Gilman was a writer, editor, economist, and theorist who advocated for women's suffrage, economic independence, birth control and the transformation of domestic life, as well as democratizing everyday culture and relationships. Her skill, Sheila Rowbotham observes, "lay in elaborating the ordinary annoyances of women’s lives into topics of intellectual debate, while making utopia seem like a new common sense." She is perhaps best known for her striking short story The Yellow Wallpaper (1890) chronicling the mental breakdown and physical crisis provoked by the constraints of being a wife and mother.
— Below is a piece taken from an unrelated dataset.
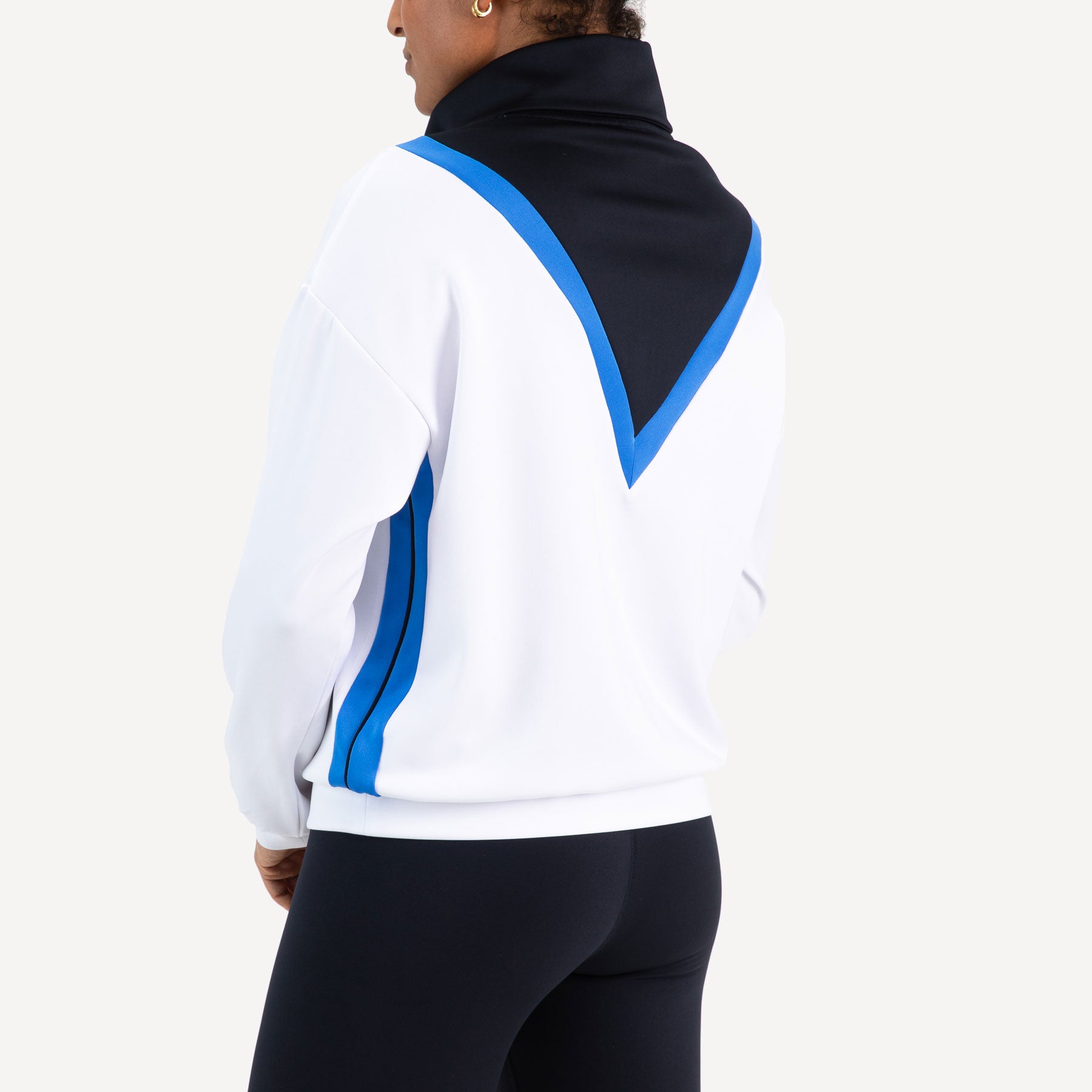 Sjeng Sports Amberley Women's Half-Zip Tennis Sweater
Charlotte Perkins Gilman at her desk writing, ca. 1916-1922

Charlotte Perkins Gilman always travelled with two books in her trunk: Walt Whitman’s Leaves of Grass and Olive Schreiner’s Dreams. She wouldn’t have been surprised that it is Whitman we know still, though she may have been disappointed that Schreiner’s dedication – ‘To a small girl-child, who may live to grasp somewhat of that which for us is yet sight, not touch’ – has not been more fully realised. Gilman saw herself as a ‘transition woman’, borrowing the term from Schreiner. Her generation, middle-aged at the turn of the 20thcentury, would, she thought, suffer and sacrifice for the benefit of their daughters: they – or at least she – would dedicate themselves to activism; carving out a place for women in the world. ‘Work first, Love next,’ she wrote, ‘the world’s Life first, my own life next.’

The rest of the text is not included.